Output the lines of the entries below beginning at the one with "Women’s AIR MAX 270" and ending with the last, exactly as written and without pictures.

#### Extracted records

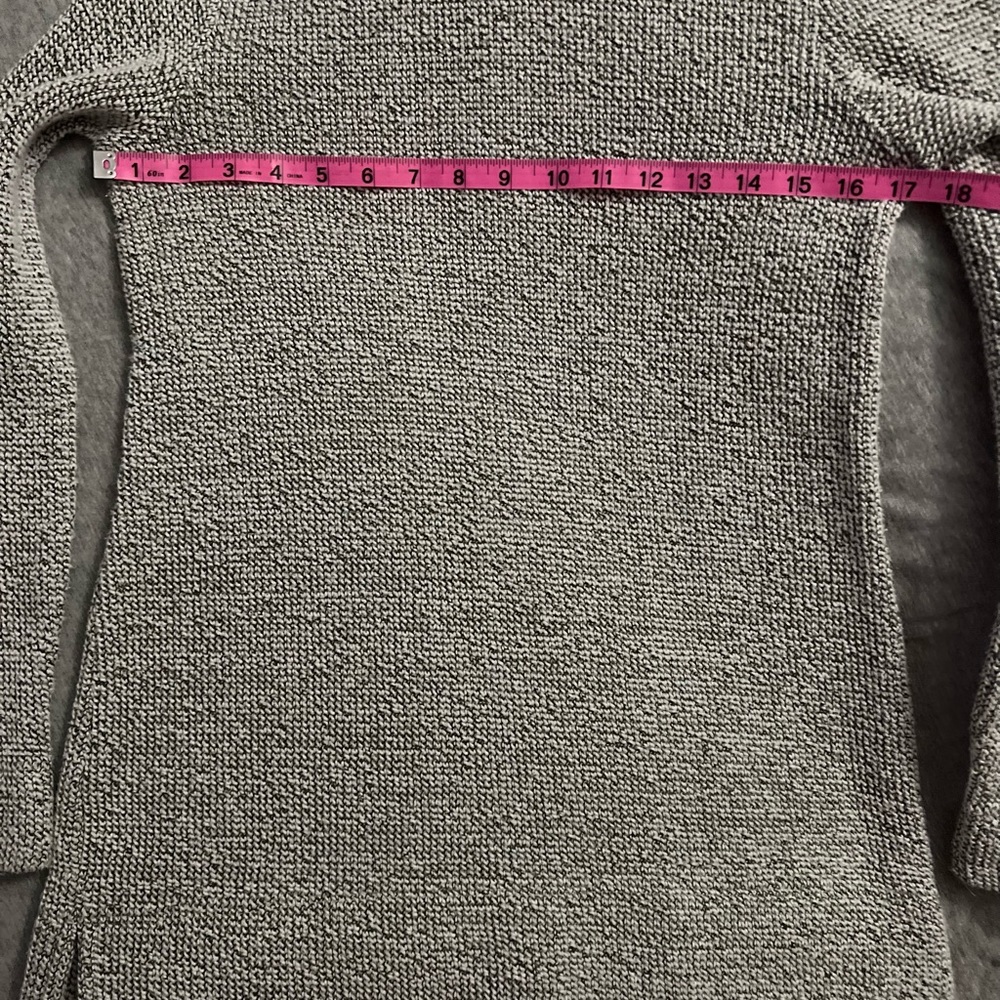LOFT Sweater - Picture 3 of 3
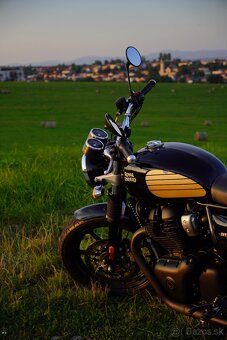Royal Enfield Interceptor 650 - 4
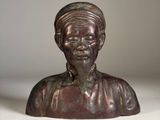 un buste en bronze représentant un homme coiffé d'un turban
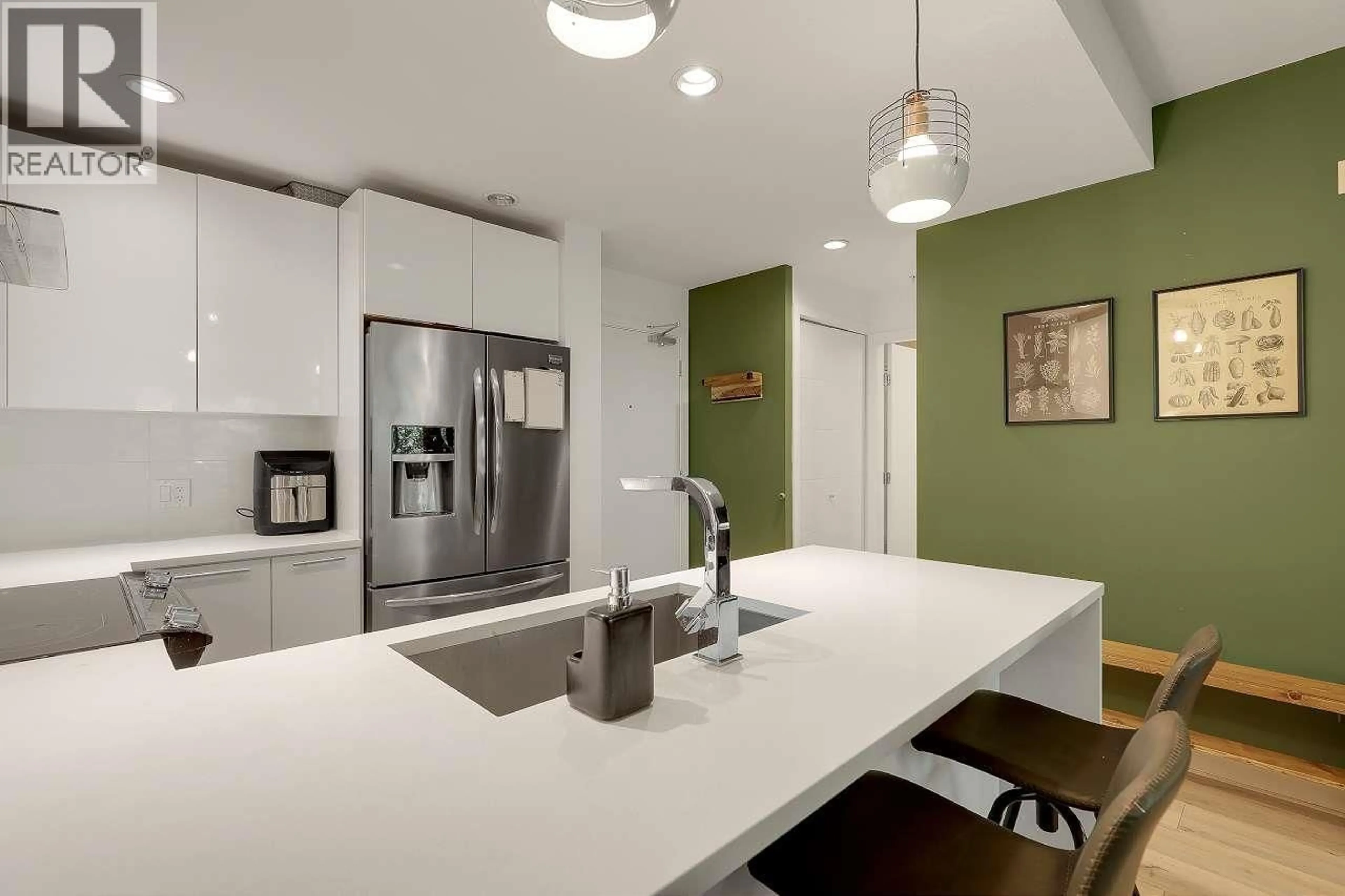 Contemporary kitchen, unknown for 302 - 733 3RD STREET, North Vancouver British Columbia V7M0C8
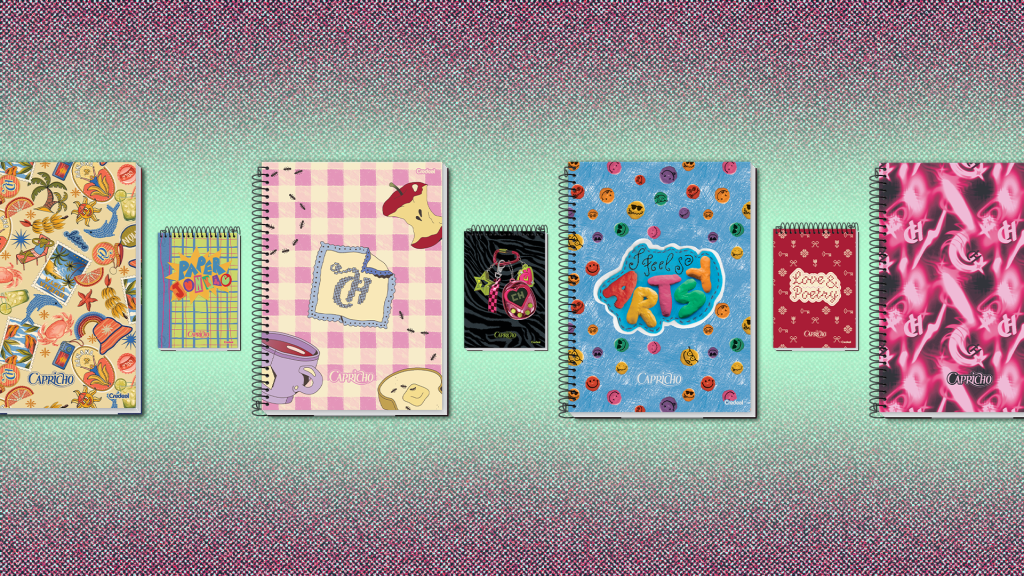 Seis cadernos e três blocos de anotações da marca Capricho, com capas de diferentes estampas e cores, dispostos sobre um fundo degradê verde-água e rosa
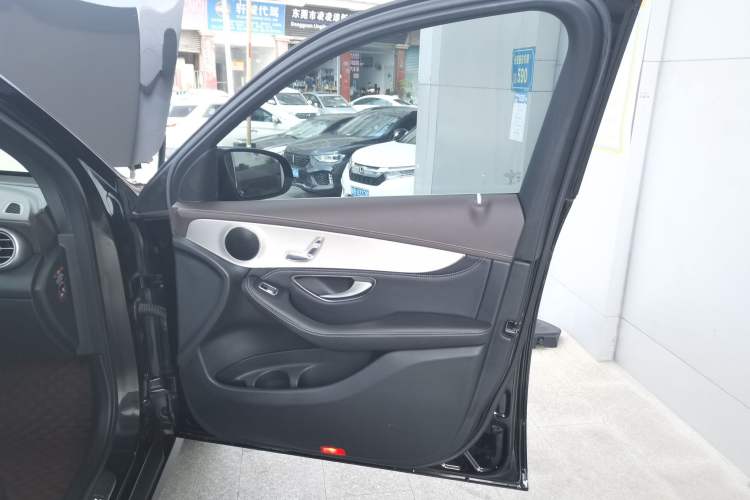 Used Mercedes-Benz GLC 2020 GLC 260 L 4MATIC Dynamic Model
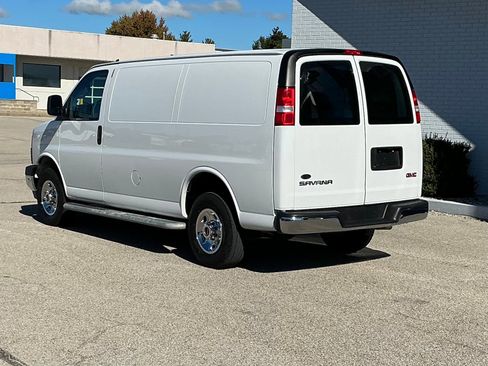 Used 2023 GMC Savana 2500 Work Van image 3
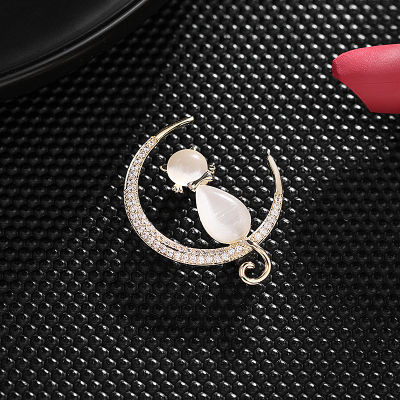 New High Quality Opal Crystal Design Moon Lovely Cat Temperament Womens Brooch Brooch Jewelry Luxury Cartoon Brooch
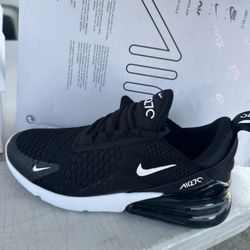 Women’s AIR MAX 270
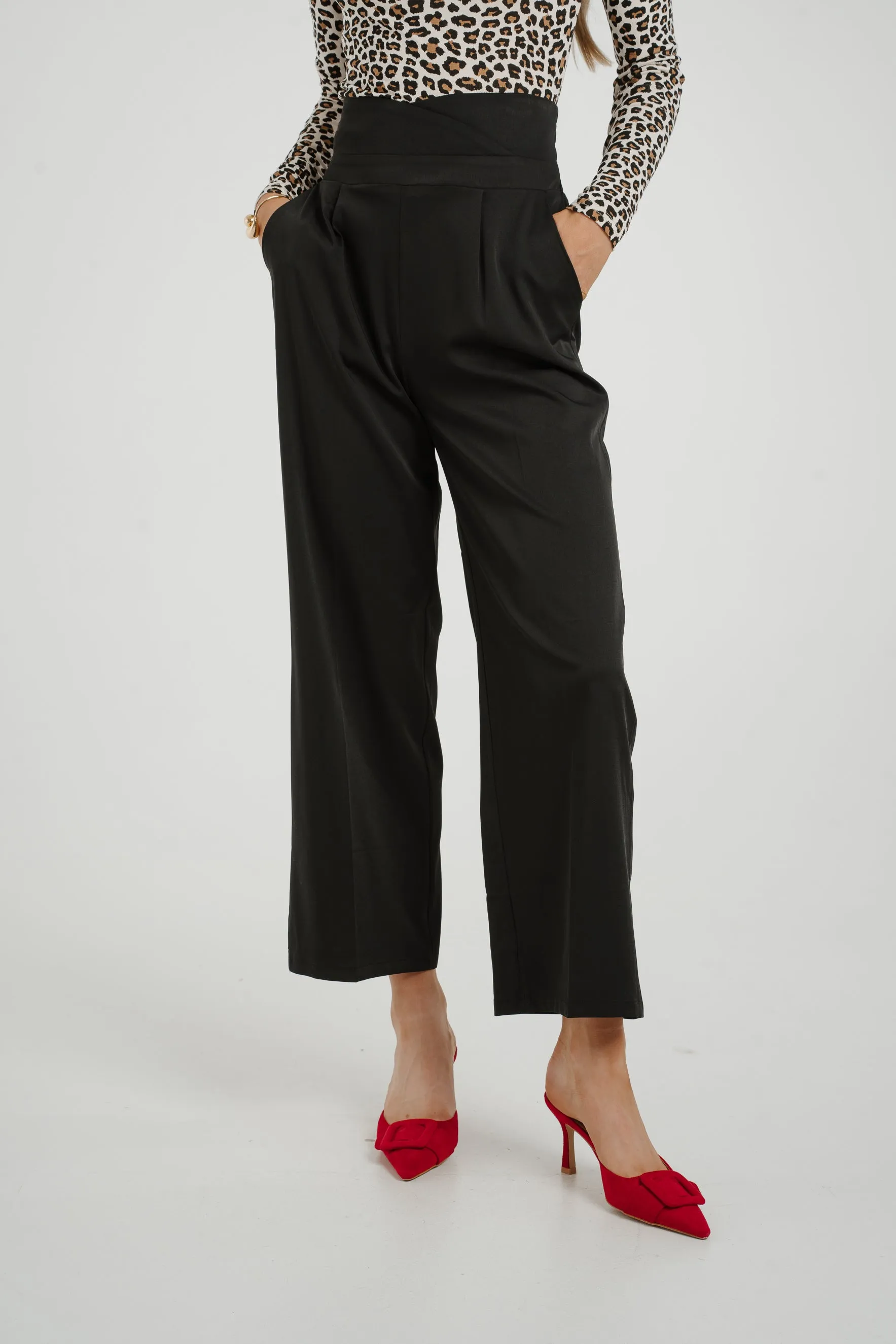 Willow Fitted Waist Trousers In Black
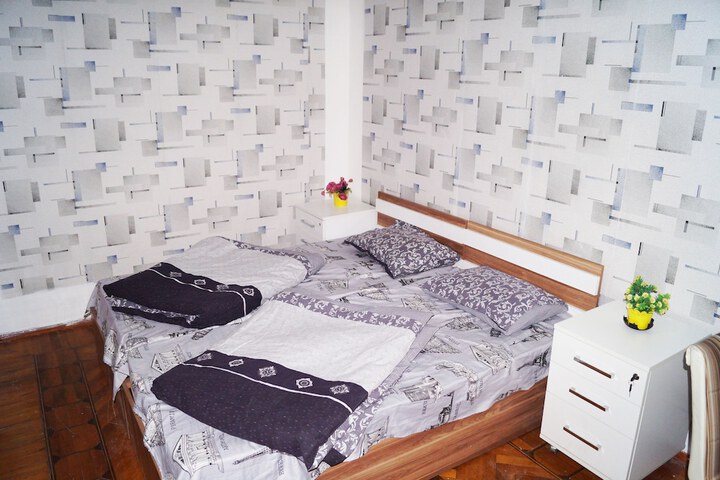 Room 15 of 26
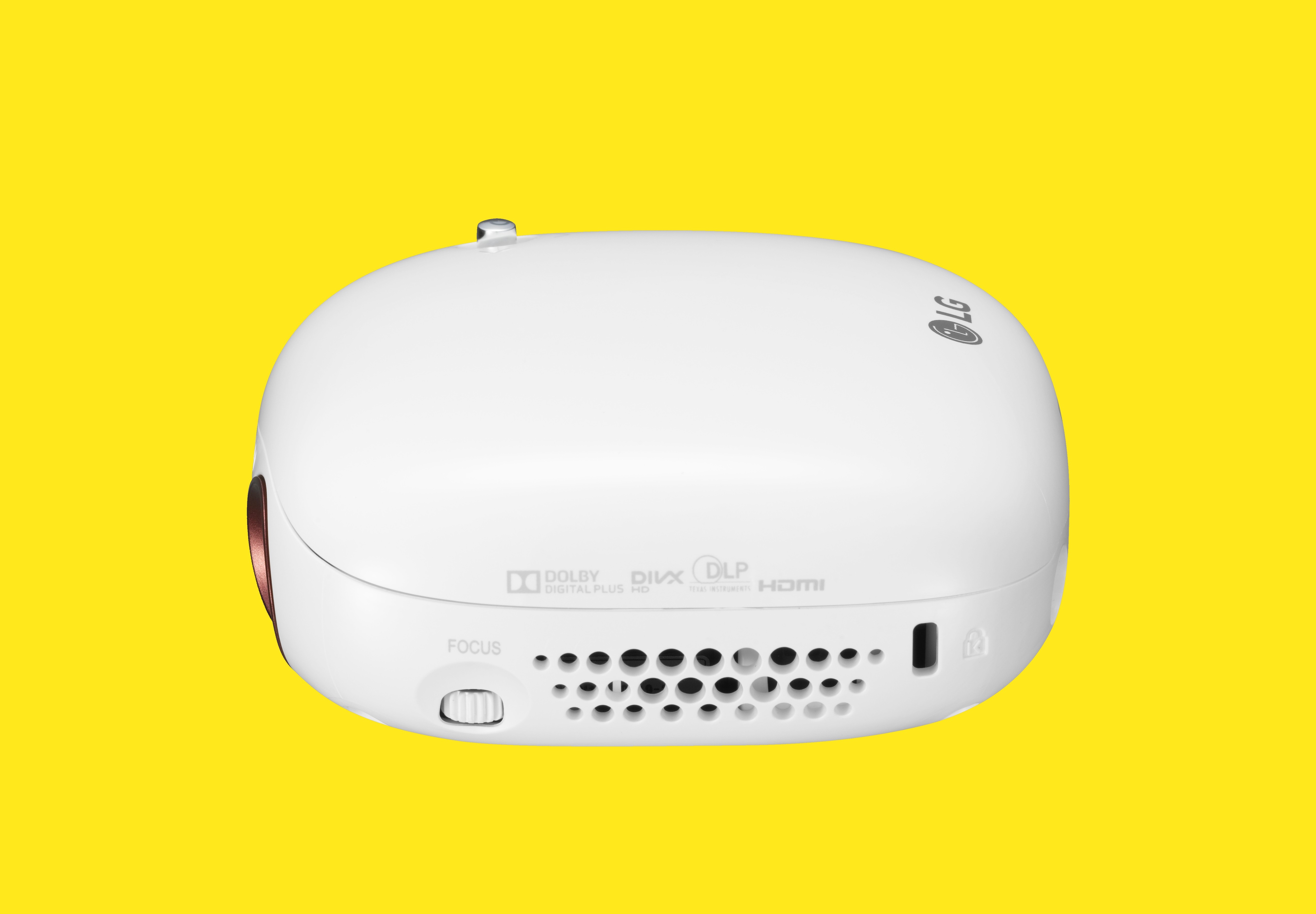 A right-side view of LG Minibeam Nano model PV150G
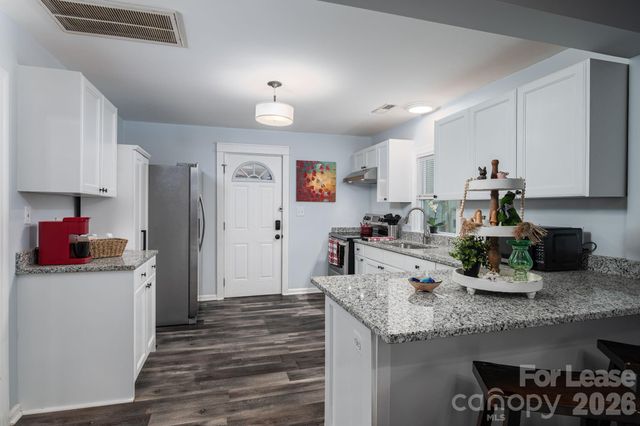 4906 S New Hope Road, Belmont, NC 28012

########

- [Solved problem]:
 Women’s AIR MAX 270
 Willow Fitted Waist Trousers In Black
 Room 15 of 26
 A right-side view of LG Minibeam Nano model PV150G
 4906 S New Hope Road, Belmont, NC 28012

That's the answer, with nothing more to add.